Auch in den Niederlanden wartete man am vergangenen Freitagmorgen gespannt auf das Ergebnis des Referendums in Großbritannien. Seitdem bekannt wurde, dass die Briten sich gegen einen Verbleib in der EU ausgesprochen haben, geben niederländische Politiker im Minutentakt Stellungnahmen darüber ab, wie der Brexit zu beurteilen sei und wie nun zu verfahren sei. Für Montagabend war eine Sitzung der Tweede Kamer anberaumt worden, um über die Folgen des Brexits zu diskutieren. In den niederländischen Medien überschlagen sich seit Freitag die Berichte über die wirtschaftlichen und politischen Folgen des Brexits für die Niederlande.
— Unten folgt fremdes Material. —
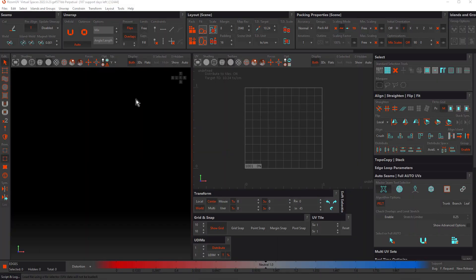Hello, this is John Dickinson for Rhizome Lab, and in this tutorial we're going to take a look at the fundamental workflow for unwrapping any object inside Rhizome UV.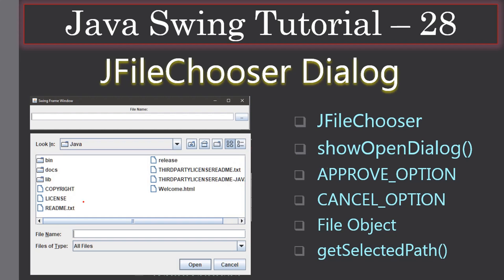Hello friends, welcome to the Java Swing tutorial. In this video we are going to look at how to use JFileChooser dialog. The example we are going to create contains one label 'File Name', one text field, and one ellipses button. When the user clicks this button, the file chooser dialog will be displayed.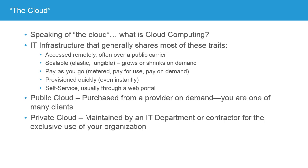There are two types of cloud. Public cloud is purchased from a provider on demand. You're one of many clients, and there are several such providers, many of them are very large, including Microsoft, Amazon Web Services, IBM, and several others. A private cloud, on the other hand, is maintained either by an internal IT department or a contractor for the exclusive use of your organization. Now, there's also kind of a third model, sometimes called a hybrid cloud, which combines elements of these two things. Certain elements, certain features, certain services are in the public cloud, and others are exclusively maintained in your own data center.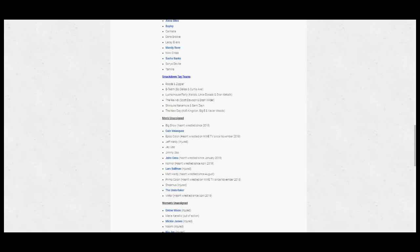The women's division side of things sees Alexa Bliss, Bayley, Carmella, Dana Brooke, Lacey Evans, Mandy Rose, Nikki Cross, Sasha Banks, Sonya Deville, and Tamina. Tag teams included on this roster: Bobby Roode and Dolph Ziggler, The B-Team, Lucha House Party, The Revival, Shinsuke Nakamura and Sami Zayn, and The New Day.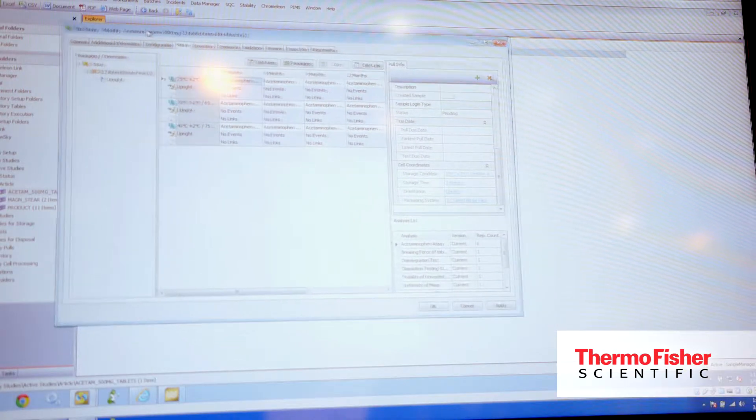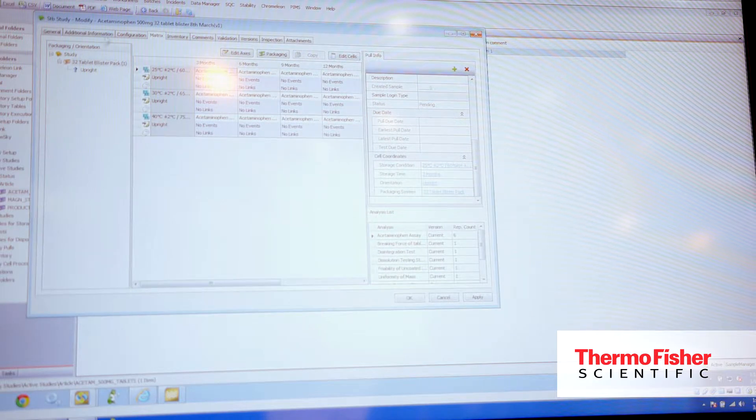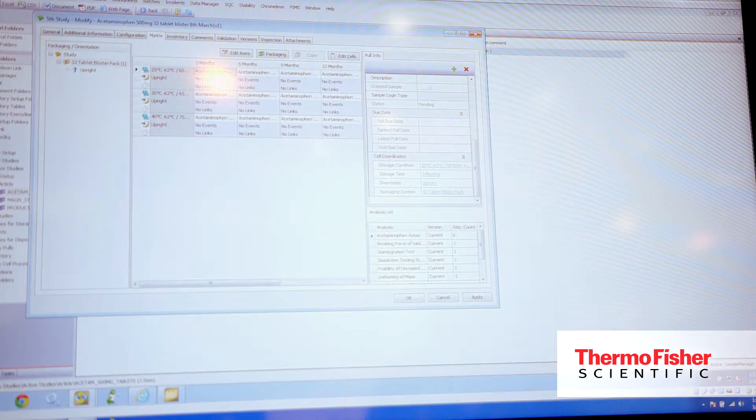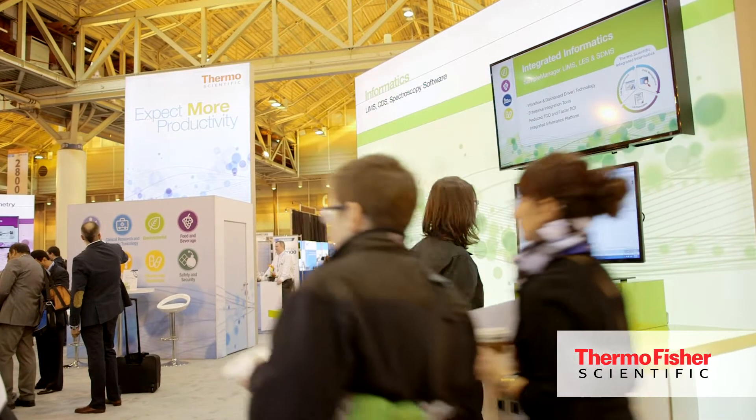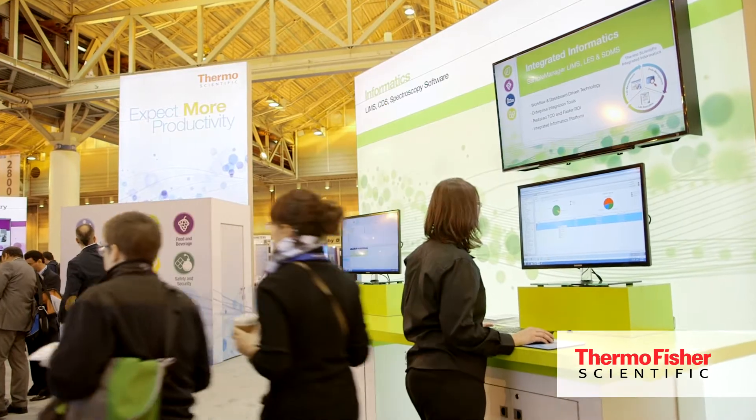This is really important for our pharmaceutical QA/QC customers, being able to make sure that they can absolutely track and manage their studies, making sure that when they're setting them up at the start of the time, that they have everything in place and everything they need.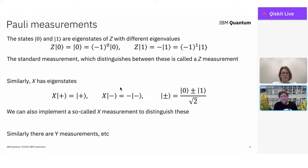For quantum error correction, we need a more general understanding of how measurement works. When we run circuits, it will be the simple Qiskit measurements we actually do, but in principle other kinds of measurements exist, and we're able to indirectly perform those by creating a quantum circuit that does the job we need. Let's go through this general way of understanding measurement.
Zumindest für den Rechtspopulisten Geert Wilders ist die politische Folge des Brexits deutlich, er erklärte sofort nach Bekanntwerden des Ergebnisses des britischen Referendums, dass die Zeit für ein Referendum nun auch in den Niederlanden reif sei. Er twitterte: „Jetzt sind wir an der Reihe!“ und „Groß-Britannien weist Europa den Weg in Richtung Zukunft und Befreiung. Es ist jetzt die Zeit für einen Neustart, im Vertrauen auf die eigene Kraft und Souveränität. Auch in den Niederlanden.“

Anders jedoch die Reaktionen seitens der Regierung und der etablierten Parteien im Parlament. Viele Abgeordnete hatten bereits in der vergangenen Woche ihre Sorgen über einen möglichen Nexit kundgetan [NiederlandeNet berichtete]. Premierminister Mark Rutte (VVD) hatte Freitag, an Geert Wilders gerichtet, sofort wissen lassen, dass er kein wirkliches Interesse an einem „absolut unverantwortungsvollen Referendum“ wahrnehme. Rutte zufolge ist der Brexit ein enttäuschendes Ergebnis: „Die Briten sind unser Partner. Jetzt ist es an Cameron, um auf das Ergebnis zu reagieren und es zu interpretieren.“

Auch der niederländische Außenminister, Bert Koenders (PvdA), spricht sich gegen einen möglichen Nexit aus: „Es wäre sehr unvernünftig. Damit würden wir uns nur selbst schaden. Niederländer wissen womit das tägliche Brot und der Aufstrich verdient werden – dem Handel. Jeder weiß und sieht, dass die Niederlande viel kleiner sind als das Vereinigte Königreich. Wir sind Bestandteil des Kontinents und damit verbunden, auf jede erdenkliche Art und Weise. Dadurch sind wir viel stärker verbunden mit der Union.“ Auch seitens der oppositionellen christdemokratischen Partei CDA werden Zweifel an dem Nutzen ein Referendums geäußert: „Referenden kreieren Unsicherheit, gerade in einer Zeit in der starke Führung benötigt wird. Dazu kommt, dass die Zukunft der Niederlande in Europa liegt.“

Politische Kommentatoren gehen dennoch davon aus, dass die Frage nach einem Nexit beim anstehenden Wahlkampf dominieren wird. Sowohl von links (SP) als von rechts (PVV) wird die gegenwärtige EU-Mitgliedschaft der Niederlande weiterhin zur Diskussion gestellt werden. Die PVV will einen vollständigen Austritt aus der EU, die SP befürwortet eine schlankere EU-Mitgliedschaft. Dies wird, so ein Kommentar der Zeitung De Volkskrant, die etablierten Parteien wohl in Bedrängnis bringen. Insbesondere die Regierungspartei VVD wird sich bemühen müssen, nicht rechts von der PVV überholt zu werden. Die PVV und ihre Anti-EU-Kampagne könnten, so der Kommentar, dabei sogar vom Brexit profitieren, wenn sich die britische Wirtschaft schnell wieder von dem anfänglichen Schock erholt und damit das wirtschaftliche Argument der EU-Befürworter aufgeweicht werden würde. De Volkskrant spricht in dieser Hinsicht sogar von einem „wundervollen Wahlkampfgeschenk für die SP und die PVV“.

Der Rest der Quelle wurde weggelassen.